§ **Task input**:
..............................
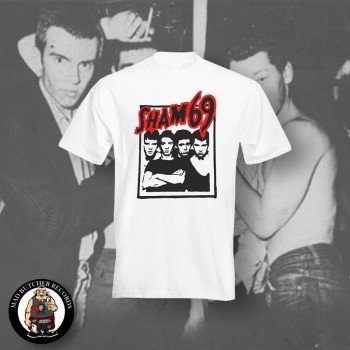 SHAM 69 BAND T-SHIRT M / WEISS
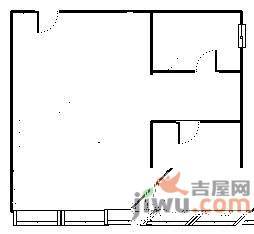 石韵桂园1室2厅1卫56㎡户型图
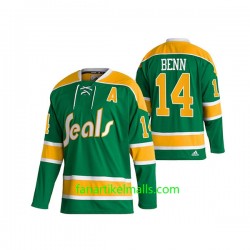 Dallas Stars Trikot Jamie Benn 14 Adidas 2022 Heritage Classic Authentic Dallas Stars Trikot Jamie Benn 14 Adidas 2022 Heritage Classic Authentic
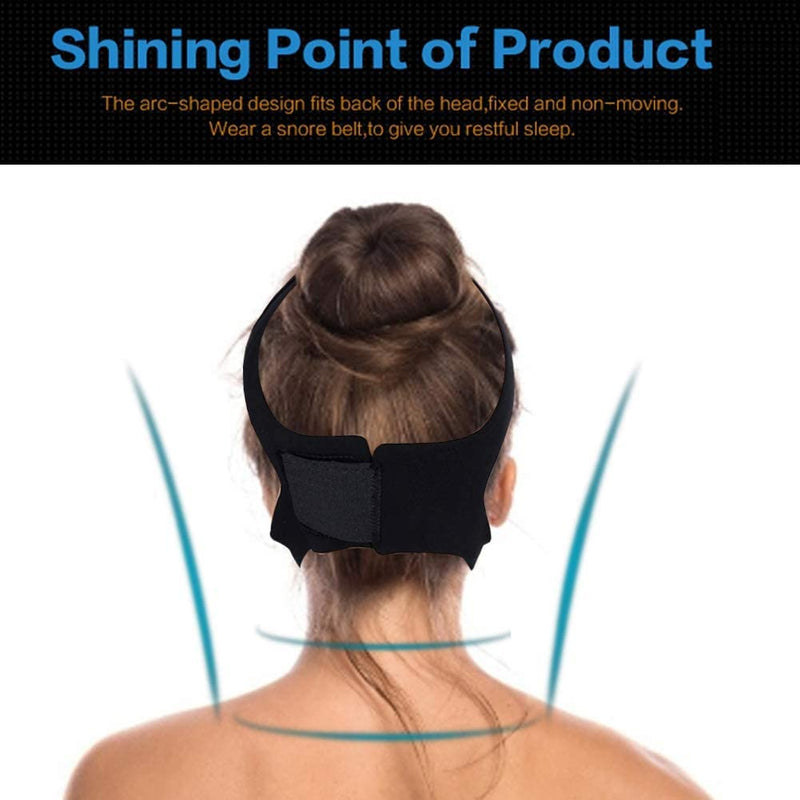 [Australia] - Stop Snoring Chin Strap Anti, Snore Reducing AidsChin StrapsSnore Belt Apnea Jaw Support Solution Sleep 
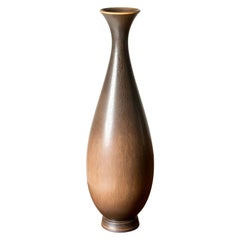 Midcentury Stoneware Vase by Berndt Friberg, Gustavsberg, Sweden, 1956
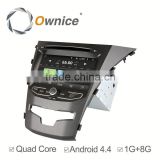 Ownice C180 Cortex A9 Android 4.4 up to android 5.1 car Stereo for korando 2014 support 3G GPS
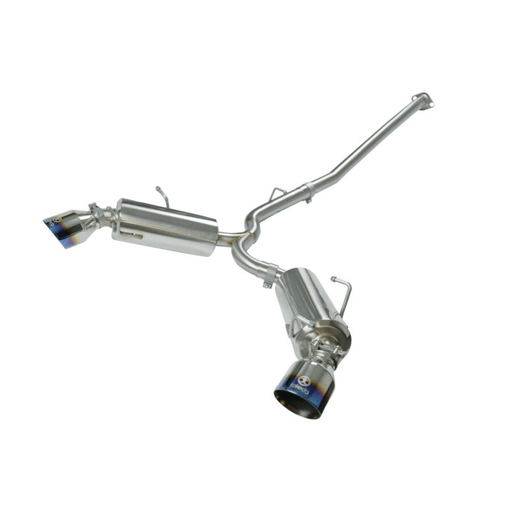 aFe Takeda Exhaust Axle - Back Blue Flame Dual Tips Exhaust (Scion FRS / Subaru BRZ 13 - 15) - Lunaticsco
..............................
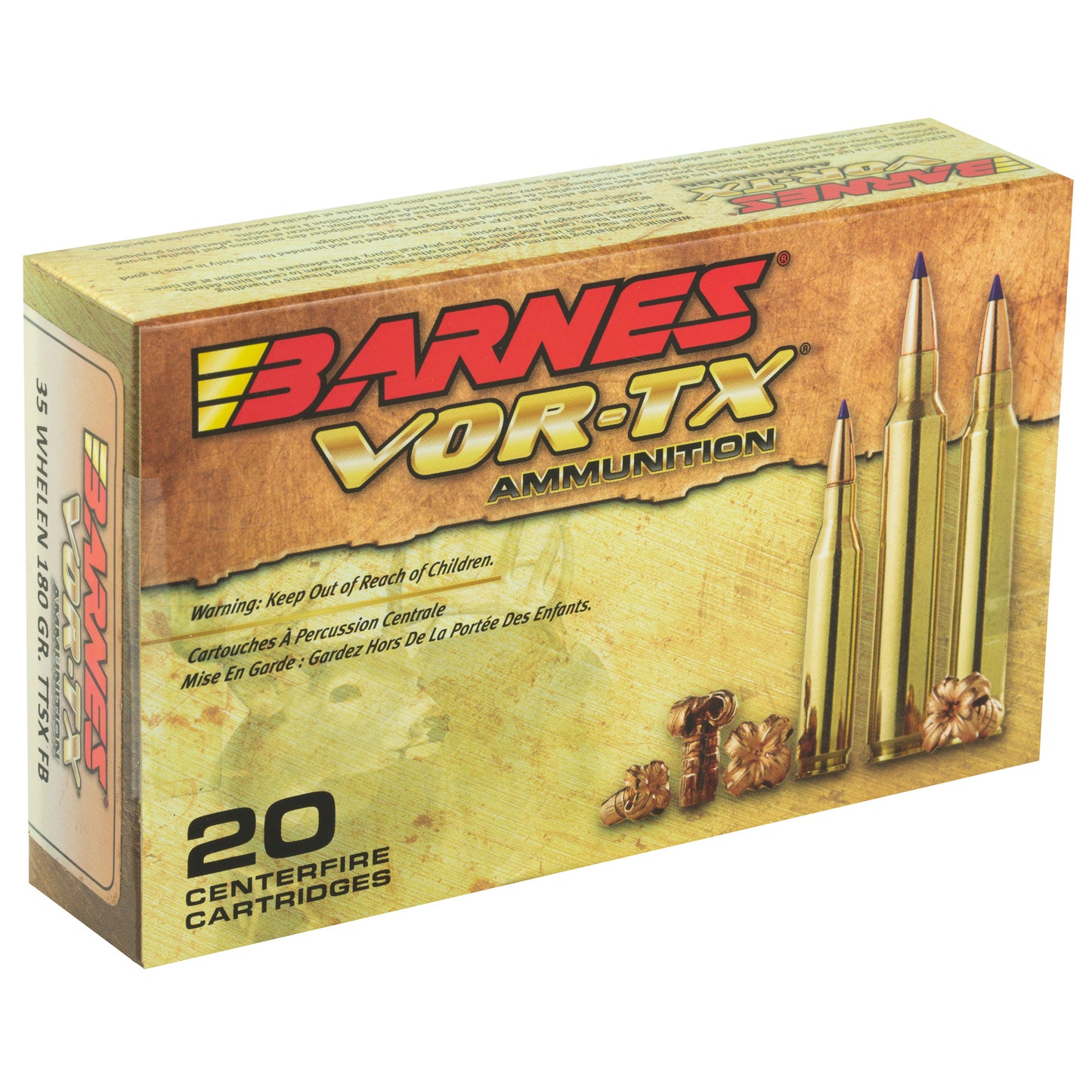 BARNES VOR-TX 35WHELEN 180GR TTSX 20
..............................
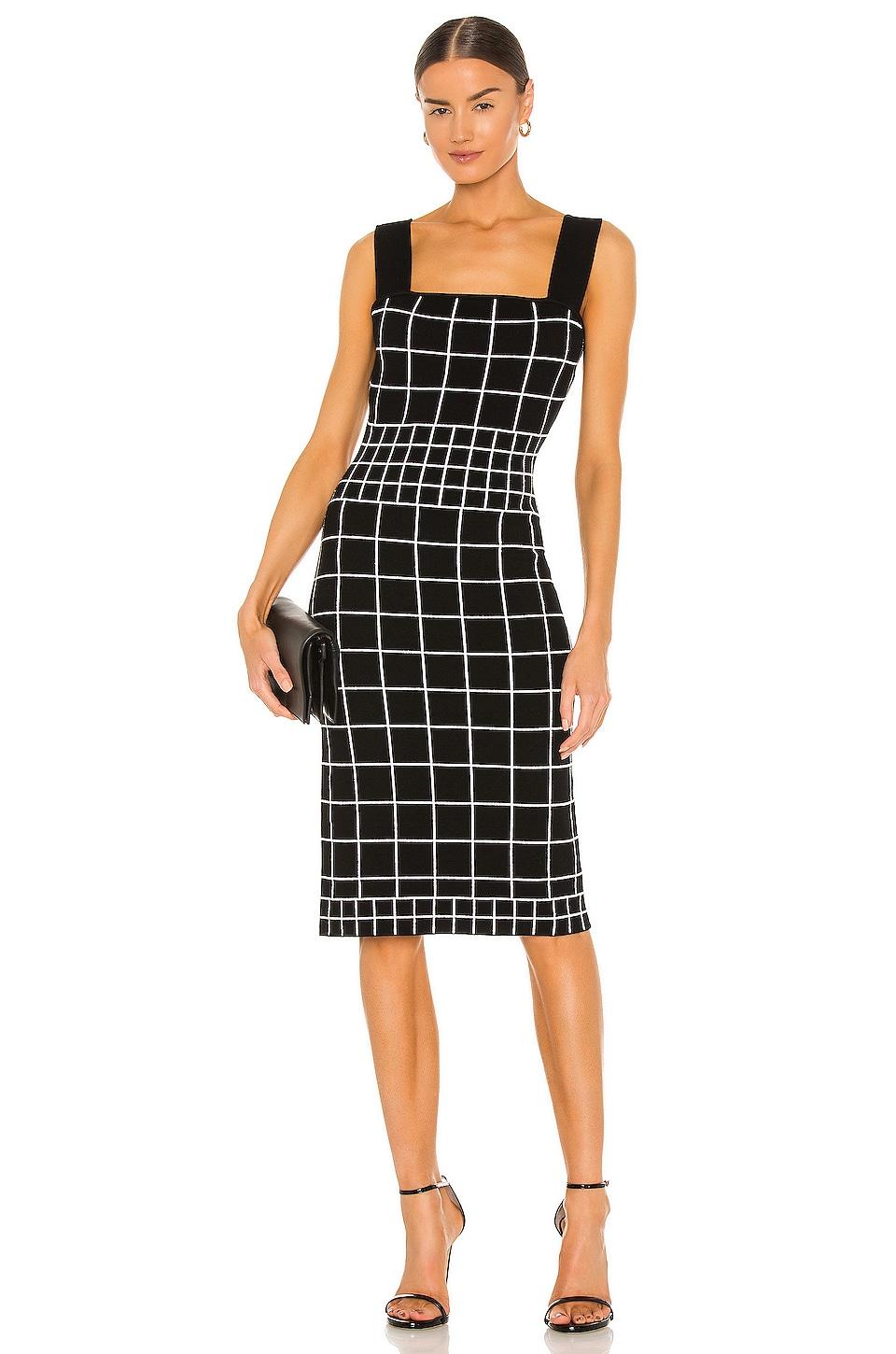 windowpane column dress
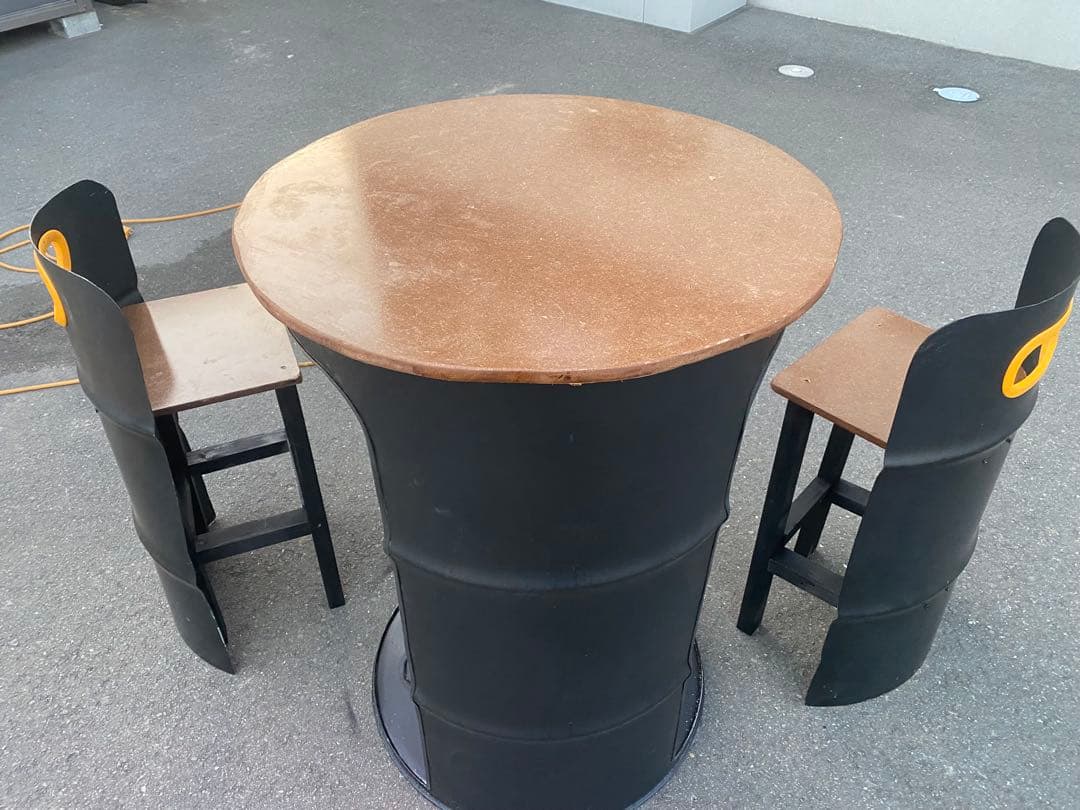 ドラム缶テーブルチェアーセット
..............................
§ **What to do**: Beginning with the line that contains "石韵桂园1室2厅1卫56㎡户型图", write out the lines of the material above exactly, and end with the line that contains "Midcentury Stoneware Vase". Omit the pictures.

§ **Exercise output**:
 石韵桂园1室2厅1卫56㎡户型图
 Dallas Stars Trikot Jamie Benn 14 Adidas 2022 Heritage Classic Authentic Dallas Stars Trikot Jamie Benn 14 Adidas 2022 Heritage Classic Authentic
 [Australia] - Stop Snoring Chin Strap Anti, Snore Reducing AidsChin StrapsSnore Belt Apnea Jaw Support Solution Sleep 
 Midcentury Stoneware Vase by Berndt Friberg, Gustavsberg, Sweden, 1956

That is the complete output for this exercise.